If we're using direct HTTP, it seems easy enough for the server to add a redirect from a canonicalized name, so that the client only needs to make a single request.

5 Likes

I'm a bit concerned because package names are used in a large number of places (much more than the dependencies table in Cargo.toml). In particular, all external extensions and tools may need to deal with the package name canonicalization, and would likely be something that most tools will implement incorrectly. Not to mention covering every part of Cargo's command-line options, features, and internals, which I think would be a large effort.

As for the combinatorial issue, I think it is a concerning problem. There are a variety of situations that are not able to easily query for all possible permutations. https://github.com/rust-lang/rfcs/pull/2789 mentioned above is a good example. In practice, I suspect it would usually only require two checks (all hyphens or all underscores), but that seems like it could be a problem in some cases.

Would it be acceptable to try to add some kind of best-effort error messages that tries to tell you if there is an equivalent name when possible?

3 Likes

I would love a solution to this. At this point I'd honestly just flip a coin & pick one to be the "way".

We can probably figure out how to migrate existing names.
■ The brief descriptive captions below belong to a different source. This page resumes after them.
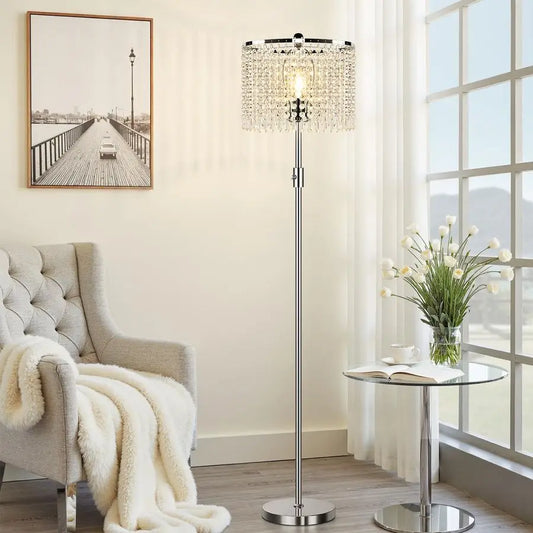 Dimmable Crystal Floor Lamp For Living Room With Knob Switch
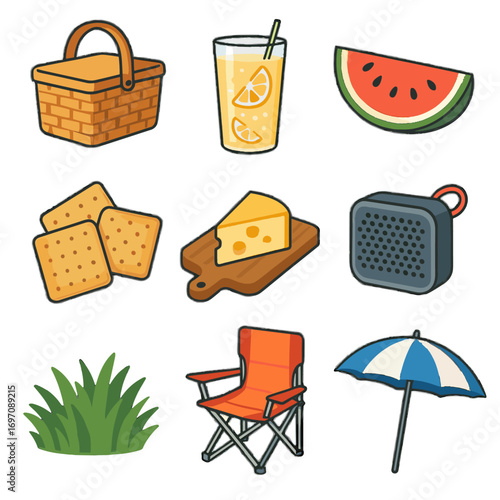 Icons parasol vector essentials basket sliced glass cheese chair crackers icon meadow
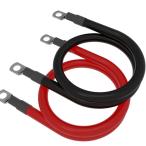 2 AWGのゲージ35mm2 30cmの電池ワイヤー一定の赤+黒の純粋な銅力インバーターケーブル(3/8 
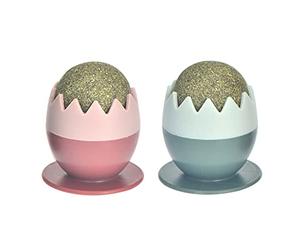 ZwaitL Toy for 2Pcs Edible Balls in Cute Egg Shaped Base Natural Rotatable Licking Treats Toys for Kitten Teeth Cleaning Sticks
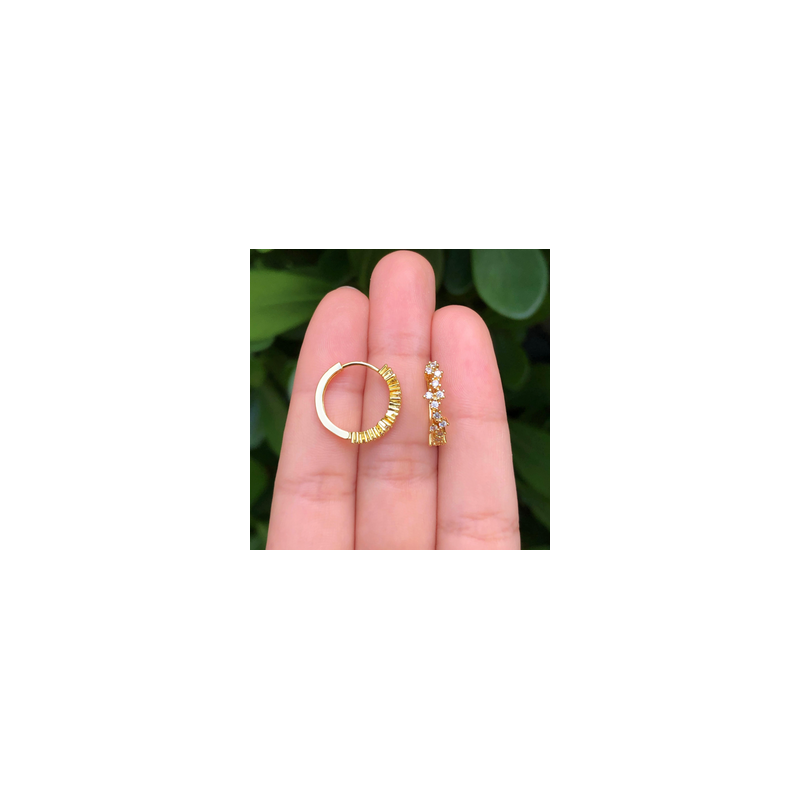 Aretes Arracada Zirconia Chapa de Oro Az98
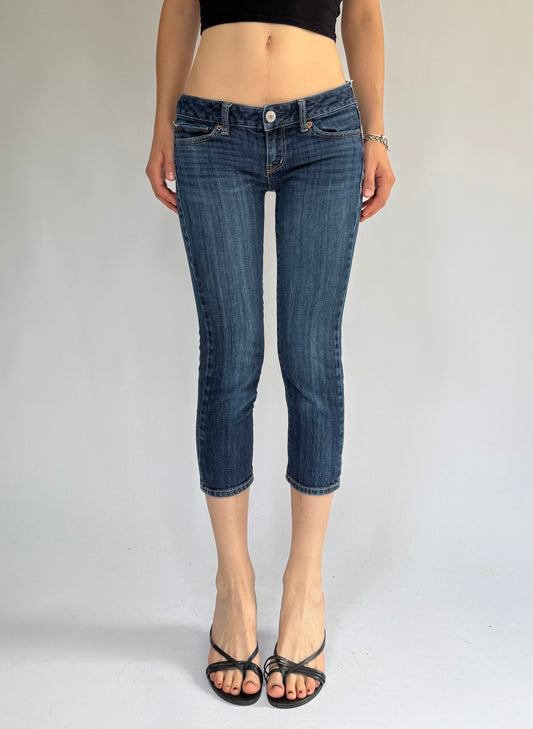 Y2K extra low rise denim capris by American Eagle vintage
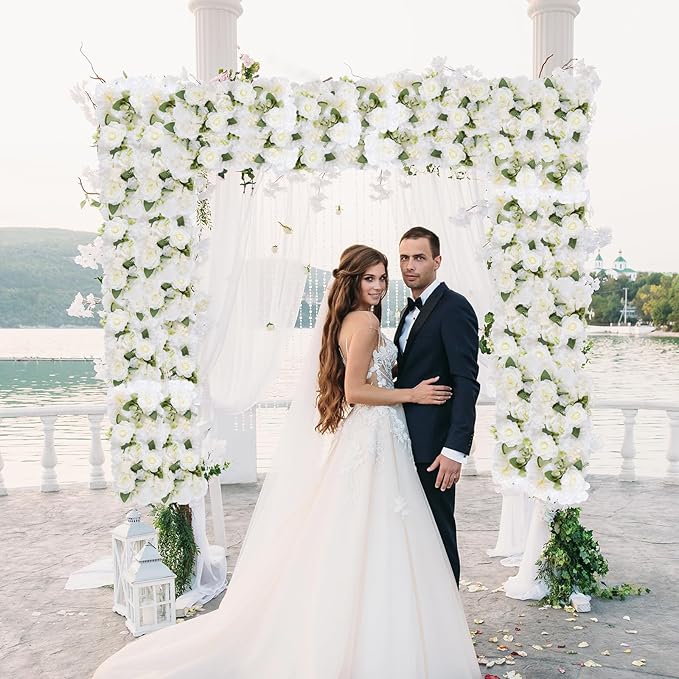 Pack of 10 Wedding Arch Decorations, 20.47 inch Artificial Flower Table Centerpieces Floral Arrangement for Wall Backdrop Party Bridal Shower Event Decor - White&Blue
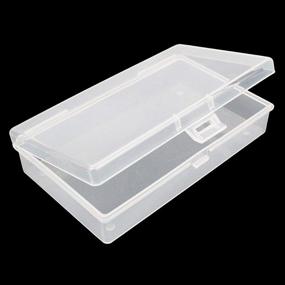 img 1 attached to Goodma 8-Piece Rectangular Empty Mini Clear Plastic Organizer Storage Box Containers with Hinged Lids for Small Items and Crafts (5.3 x 3.1 x 1.2 inch)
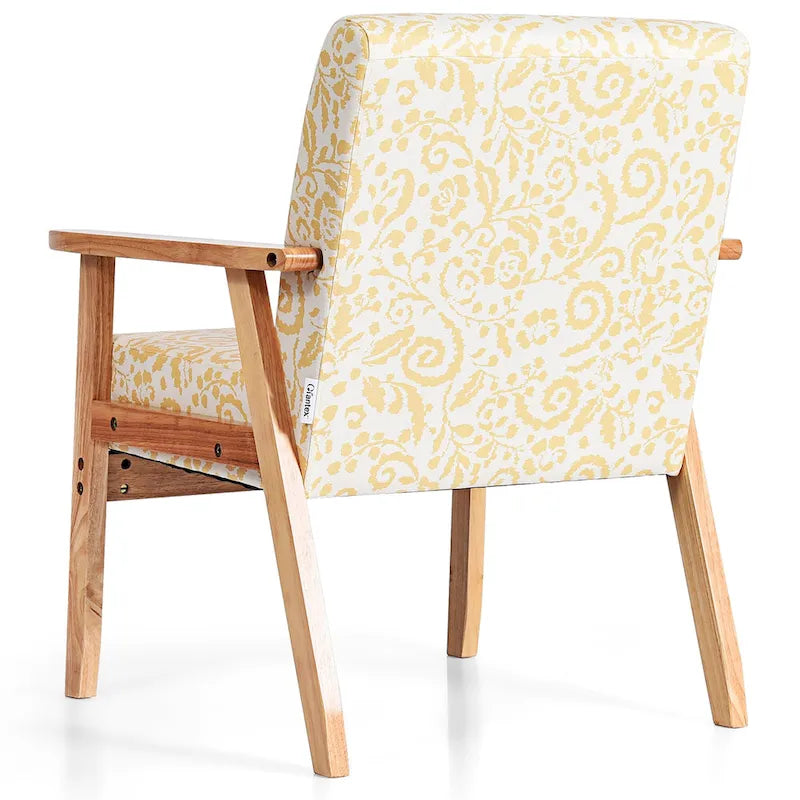 Gymax 2PCS Accent Armchair Upholstered Chair Home Office w/ Wooden - 25 x 26.5 x 32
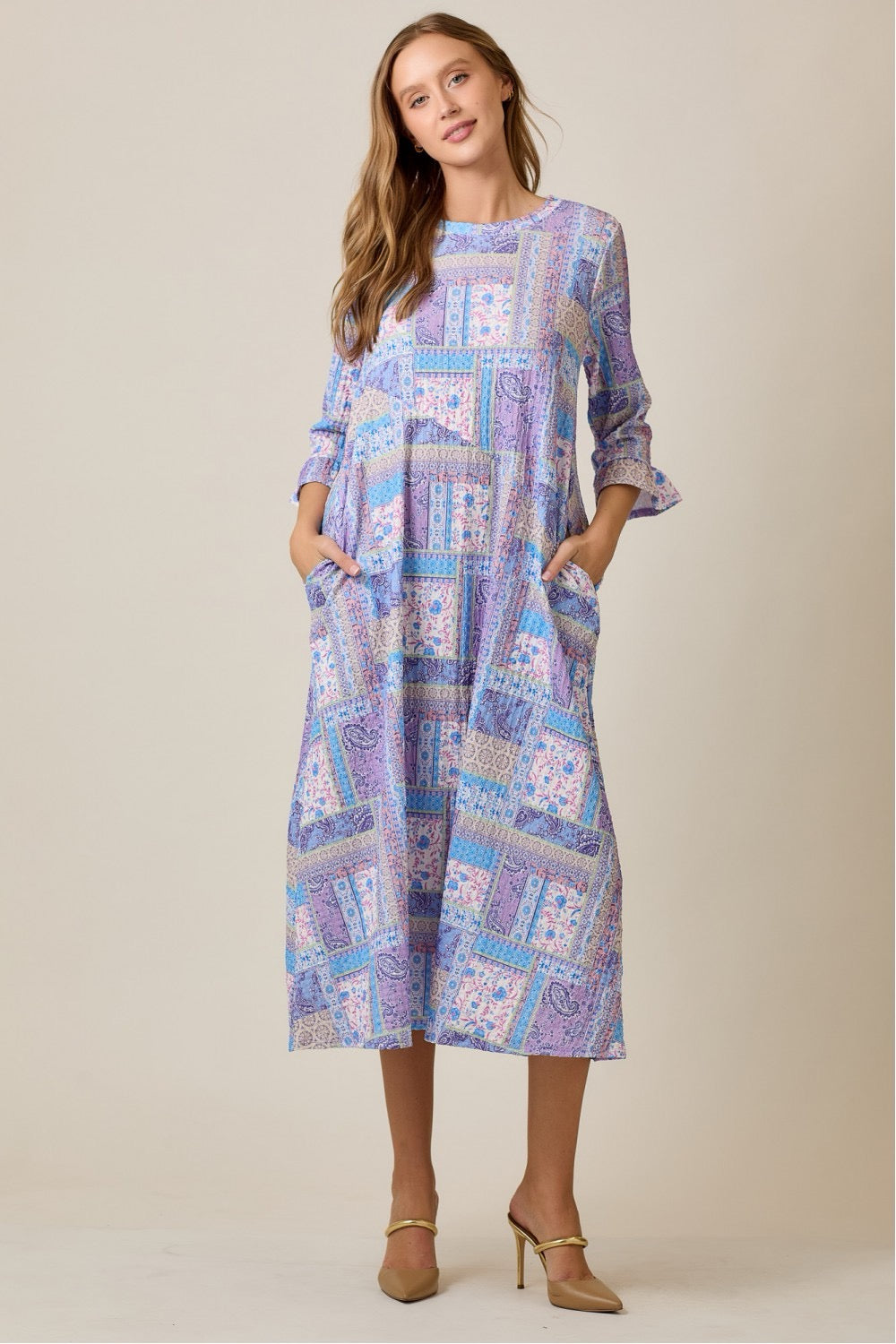 Celeste Clothing lilac modest A-line patchwork print dress, featuring a flowing silhouette and elegant design.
I don't think anyone enjoys the inconsistency in naming we have currently.

2 Likes

I implemented that years ago, https://github.com/rust-lang/cargo/pull/5691. It uses a exponential brute force algorithm. Which is not a problem in practice.

What has prevented us from doing the rest is: https://github.com/rust-lang/cargo/issues/2775#issuecomment-557188111. TLDR, I don't know how to get the implementation to work given the existence of alternative registries.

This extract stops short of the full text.